Prime visioni: Luci del varietà

Luci del varietà Alberto Lattuada Federico Fellini

Col permesso di Alberto Lattuada, facciamo posto ad un nuovo regista. Federico Fellini con Luci del varietà per la prima volta ha firmato un’opera cinematografica. Per l’esordio ha fatto suo il motto che in due si dirige meglio. Alberto Lattuada gli ha dato amorevolmente la mano e Luci del varietà passa all’anagrafe filmica sotto una doppia paternità.

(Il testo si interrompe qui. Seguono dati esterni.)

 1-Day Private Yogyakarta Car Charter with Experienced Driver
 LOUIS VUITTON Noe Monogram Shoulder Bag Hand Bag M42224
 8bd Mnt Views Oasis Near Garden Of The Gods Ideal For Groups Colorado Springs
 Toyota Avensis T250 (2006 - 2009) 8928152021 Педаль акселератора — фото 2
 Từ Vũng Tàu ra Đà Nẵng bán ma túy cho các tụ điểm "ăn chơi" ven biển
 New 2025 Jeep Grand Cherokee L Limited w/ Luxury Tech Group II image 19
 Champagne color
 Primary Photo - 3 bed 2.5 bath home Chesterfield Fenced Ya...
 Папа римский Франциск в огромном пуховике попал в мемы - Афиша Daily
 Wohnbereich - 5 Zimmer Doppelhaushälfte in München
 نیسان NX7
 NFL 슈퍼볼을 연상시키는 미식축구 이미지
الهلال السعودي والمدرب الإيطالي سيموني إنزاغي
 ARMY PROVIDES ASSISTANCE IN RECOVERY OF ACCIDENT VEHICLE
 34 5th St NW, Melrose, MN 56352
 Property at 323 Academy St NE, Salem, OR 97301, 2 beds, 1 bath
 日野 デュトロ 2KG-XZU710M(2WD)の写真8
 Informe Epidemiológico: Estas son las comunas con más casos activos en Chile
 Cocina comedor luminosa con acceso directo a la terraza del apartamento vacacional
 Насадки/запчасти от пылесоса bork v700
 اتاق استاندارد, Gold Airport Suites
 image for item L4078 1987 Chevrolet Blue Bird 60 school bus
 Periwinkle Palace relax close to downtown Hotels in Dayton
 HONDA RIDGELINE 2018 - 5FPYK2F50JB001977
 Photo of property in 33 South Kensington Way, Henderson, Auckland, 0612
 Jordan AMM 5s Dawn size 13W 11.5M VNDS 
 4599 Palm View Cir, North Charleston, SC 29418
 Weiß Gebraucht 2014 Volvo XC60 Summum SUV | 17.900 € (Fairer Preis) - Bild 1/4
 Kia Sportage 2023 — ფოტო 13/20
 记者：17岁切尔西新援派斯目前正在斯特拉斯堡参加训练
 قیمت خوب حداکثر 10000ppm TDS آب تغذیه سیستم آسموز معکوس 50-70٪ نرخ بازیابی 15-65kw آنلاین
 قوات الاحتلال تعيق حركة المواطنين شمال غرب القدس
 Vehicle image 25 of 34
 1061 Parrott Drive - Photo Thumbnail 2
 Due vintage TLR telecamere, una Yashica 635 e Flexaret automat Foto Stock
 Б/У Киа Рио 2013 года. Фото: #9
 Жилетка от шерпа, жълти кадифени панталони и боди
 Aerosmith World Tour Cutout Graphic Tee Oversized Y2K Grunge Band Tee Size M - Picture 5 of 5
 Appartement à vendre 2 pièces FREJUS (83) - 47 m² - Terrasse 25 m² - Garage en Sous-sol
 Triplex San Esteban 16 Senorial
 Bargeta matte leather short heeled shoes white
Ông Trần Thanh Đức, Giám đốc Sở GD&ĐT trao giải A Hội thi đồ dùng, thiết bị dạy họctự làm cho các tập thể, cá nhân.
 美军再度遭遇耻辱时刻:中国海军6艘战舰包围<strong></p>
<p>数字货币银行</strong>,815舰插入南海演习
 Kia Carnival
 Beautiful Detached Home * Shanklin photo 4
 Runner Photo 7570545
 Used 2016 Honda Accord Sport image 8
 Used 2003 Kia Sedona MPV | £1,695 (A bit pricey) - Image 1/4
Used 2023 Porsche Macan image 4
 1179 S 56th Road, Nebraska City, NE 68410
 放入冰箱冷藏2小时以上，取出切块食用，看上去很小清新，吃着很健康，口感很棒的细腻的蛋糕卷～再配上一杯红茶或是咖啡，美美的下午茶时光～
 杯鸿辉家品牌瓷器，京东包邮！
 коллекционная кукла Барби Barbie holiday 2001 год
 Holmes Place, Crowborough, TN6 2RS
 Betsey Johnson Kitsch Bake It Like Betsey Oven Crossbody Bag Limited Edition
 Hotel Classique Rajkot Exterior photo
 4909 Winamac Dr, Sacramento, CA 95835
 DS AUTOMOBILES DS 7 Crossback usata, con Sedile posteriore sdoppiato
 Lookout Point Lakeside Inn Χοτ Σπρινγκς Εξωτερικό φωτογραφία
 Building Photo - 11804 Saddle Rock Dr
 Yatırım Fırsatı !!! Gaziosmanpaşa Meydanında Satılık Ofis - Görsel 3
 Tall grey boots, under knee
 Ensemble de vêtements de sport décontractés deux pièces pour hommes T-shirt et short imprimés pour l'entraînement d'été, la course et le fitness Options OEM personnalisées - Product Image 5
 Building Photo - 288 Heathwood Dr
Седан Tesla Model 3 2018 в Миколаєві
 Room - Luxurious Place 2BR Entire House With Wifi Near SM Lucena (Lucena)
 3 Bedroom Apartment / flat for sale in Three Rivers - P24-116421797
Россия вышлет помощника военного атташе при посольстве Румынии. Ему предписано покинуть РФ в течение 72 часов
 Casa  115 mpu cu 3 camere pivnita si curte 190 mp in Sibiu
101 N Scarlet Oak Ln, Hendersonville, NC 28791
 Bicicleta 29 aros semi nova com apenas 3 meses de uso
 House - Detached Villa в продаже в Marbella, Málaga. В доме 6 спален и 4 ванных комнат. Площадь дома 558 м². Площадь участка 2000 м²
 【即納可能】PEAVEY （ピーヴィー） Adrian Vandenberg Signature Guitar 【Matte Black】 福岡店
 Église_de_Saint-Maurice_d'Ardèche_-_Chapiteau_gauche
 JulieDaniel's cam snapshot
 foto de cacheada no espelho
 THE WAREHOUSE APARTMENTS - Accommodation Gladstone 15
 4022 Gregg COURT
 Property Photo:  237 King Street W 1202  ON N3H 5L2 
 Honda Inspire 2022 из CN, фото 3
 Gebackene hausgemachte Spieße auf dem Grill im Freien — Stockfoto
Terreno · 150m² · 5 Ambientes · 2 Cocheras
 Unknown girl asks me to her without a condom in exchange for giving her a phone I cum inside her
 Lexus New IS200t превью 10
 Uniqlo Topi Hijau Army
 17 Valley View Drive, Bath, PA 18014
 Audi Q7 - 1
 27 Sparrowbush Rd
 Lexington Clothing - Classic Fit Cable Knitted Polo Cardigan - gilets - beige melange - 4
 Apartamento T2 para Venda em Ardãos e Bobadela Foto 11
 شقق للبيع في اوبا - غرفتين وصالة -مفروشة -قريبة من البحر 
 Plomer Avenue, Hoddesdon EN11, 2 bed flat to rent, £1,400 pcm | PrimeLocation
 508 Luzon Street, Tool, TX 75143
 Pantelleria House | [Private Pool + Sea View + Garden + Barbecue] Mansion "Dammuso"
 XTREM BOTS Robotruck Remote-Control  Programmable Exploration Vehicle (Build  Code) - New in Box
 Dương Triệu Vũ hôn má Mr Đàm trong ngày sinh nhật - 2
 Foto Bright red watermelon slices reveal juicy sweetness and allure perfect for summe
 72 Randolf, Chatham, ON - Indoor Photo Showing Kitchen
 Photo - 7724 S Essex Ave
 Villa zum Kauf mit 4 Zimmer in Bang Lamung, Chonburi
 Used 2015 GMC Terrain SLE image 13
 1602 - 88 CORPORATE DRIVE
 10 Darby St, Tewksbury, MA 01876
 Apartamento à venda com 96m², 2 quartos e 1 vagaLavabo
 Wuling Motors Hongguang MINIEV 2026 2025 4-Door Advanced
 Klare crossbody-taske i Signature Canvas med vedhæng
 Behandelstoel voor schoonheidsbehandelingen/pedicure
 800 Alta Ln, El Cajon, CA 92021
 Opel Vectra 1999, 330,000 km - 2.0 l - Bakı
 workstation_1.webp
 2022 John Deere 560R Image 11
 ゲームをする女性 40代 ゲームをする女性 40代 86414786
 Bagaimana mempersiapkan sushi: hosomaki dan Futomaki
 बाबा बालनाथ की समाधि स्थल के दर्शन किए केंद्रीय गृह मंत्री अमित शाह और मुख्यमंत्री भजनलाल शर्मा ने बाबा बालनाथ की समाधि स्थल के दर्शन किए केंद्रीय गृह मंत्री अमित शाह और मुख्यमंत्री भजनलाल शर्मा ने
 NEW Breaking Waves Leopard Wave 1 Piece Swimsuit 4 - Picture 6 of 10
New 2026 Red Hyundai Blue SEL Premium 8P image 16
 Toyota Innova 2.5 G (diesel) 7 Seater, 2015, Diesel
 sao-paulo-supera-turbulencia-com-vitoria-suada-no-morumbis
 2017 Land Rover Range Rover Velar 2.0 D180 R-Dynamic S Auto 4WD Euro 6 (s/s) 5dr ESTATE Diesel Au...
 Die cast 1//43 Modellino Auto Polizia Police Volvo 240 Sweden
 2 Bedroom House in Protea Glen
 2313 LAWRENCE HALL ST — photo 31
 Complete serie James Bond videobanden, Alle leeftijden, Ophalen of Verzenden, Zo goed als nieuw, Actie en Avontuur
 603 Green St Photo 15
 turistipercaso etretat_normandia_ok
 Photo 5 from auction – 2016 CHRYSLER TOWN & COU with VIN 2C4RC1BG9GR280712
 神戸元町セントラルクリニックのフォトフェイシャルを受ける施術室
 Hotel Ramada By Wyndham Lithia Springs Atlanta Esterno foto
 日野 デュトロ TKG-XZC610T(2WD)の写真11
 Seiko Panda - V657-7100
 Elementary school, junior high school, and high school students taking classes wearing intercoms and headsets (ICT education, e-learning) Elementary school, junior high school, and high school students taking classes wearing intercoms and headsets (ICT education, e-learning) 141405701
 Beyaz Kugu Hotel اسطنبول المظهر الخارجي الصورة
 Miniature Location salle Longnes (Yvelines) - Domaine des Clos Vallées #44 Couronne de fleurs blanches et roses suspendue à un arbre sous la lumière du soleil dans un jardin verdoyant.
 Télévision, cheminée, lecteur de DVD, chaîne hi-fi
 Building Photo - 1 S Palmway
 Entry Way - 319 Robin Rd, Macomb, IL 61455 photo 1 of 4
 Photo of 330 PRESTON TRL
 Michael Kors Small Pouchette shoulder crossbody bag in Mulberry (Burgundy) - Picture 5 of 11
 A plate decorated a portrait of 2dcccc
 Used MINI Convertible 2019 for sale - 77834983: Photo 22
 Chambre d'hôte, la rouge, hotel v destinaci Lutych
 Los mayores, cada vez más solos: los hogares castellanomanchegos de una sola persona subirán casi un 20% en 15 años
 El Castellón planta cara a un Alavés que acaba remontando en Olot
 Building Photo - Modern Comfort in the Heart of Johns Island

Fellini non ha bisogno di presentazioni. Il suo nome è strettamente legato alla storia del cinema italiano del dopoguerra. Quanti soggetti, quante sceneggiature portano la firma del giovane romagnolo (nato a Rimini il 20 gennaio 1920)! Dal tempo dei primi film di Macario (Imputato alzatevi!) e dell’apparizione sullo schermo di Fabrizi (nei tormentati anni della giovinezza Fellini è stato “poeta di compagnia” nella troupe d’avanspettacolo guidata dal comico romano), il cammino compiuto del neo-regista è piuttosto notevole. Ha collaborato (sempre come soggettista e sceneggiatore) alle più importanti opere di Rossellini, di Lattuada, di Germi. Citiamo a caso una serie di titoli che rappresentano un contributo sostanzioso al nostro cinema moderno: Roma città aperta, Paisà, Francesco Giullare di Dio, Il delitto di Giovanni Episcopo, Senza pietà, Il mulino del Po’, In nome della legge, ecc.

Adesso con Luci del varietà, senza trascurare le sue ormai acquisite prerogative (è autore del soggetto e collaboratore alla sceneggiatura) egli ha allungato la gamba ed ha tentato il passo nuovo. Diciamo subito che non ha certo messo il piede in fallo. Luci del varietà, entro i limiti di ambizioni e di intenti molto modesti, è un film vivo e — sotto certi aspetti — abbastanza intelligente. Lattuada e Fellini mettono in luce un linguaggio sincero. Senza voler strafare saremmo tentati di dire “quasi con umiltà”, ci raccontano la loro storia presentandoci il mondo dei guitti secondo una documentazione umana. È questo sapore di umanità che ci avvicina ai personaggi del film e ci induce a condividere le dolorose peripezie. Soprattutto ci piace Luci del varietà perché Lattuada e Fellini hanno chiuso la porta in faccia al facile macchiettismo. Far ridere raccontando le vicende di una troupe di guitti è un poco come voler arredare una casa ricorrendo soltanto ai magazzini Upim. Costa molto poco. Allo stesso modo come è possibile con le povere ballerine di varietà premere il pedale del sentimentalismo formato-famiglia. Bene o male al melodrammatico buffone che sulle scene vive di gioconde illusioni e dietro le quinte si dispera in una iniqua realtà, possono essere più che sufficienti le note del compianto Leoncavallo.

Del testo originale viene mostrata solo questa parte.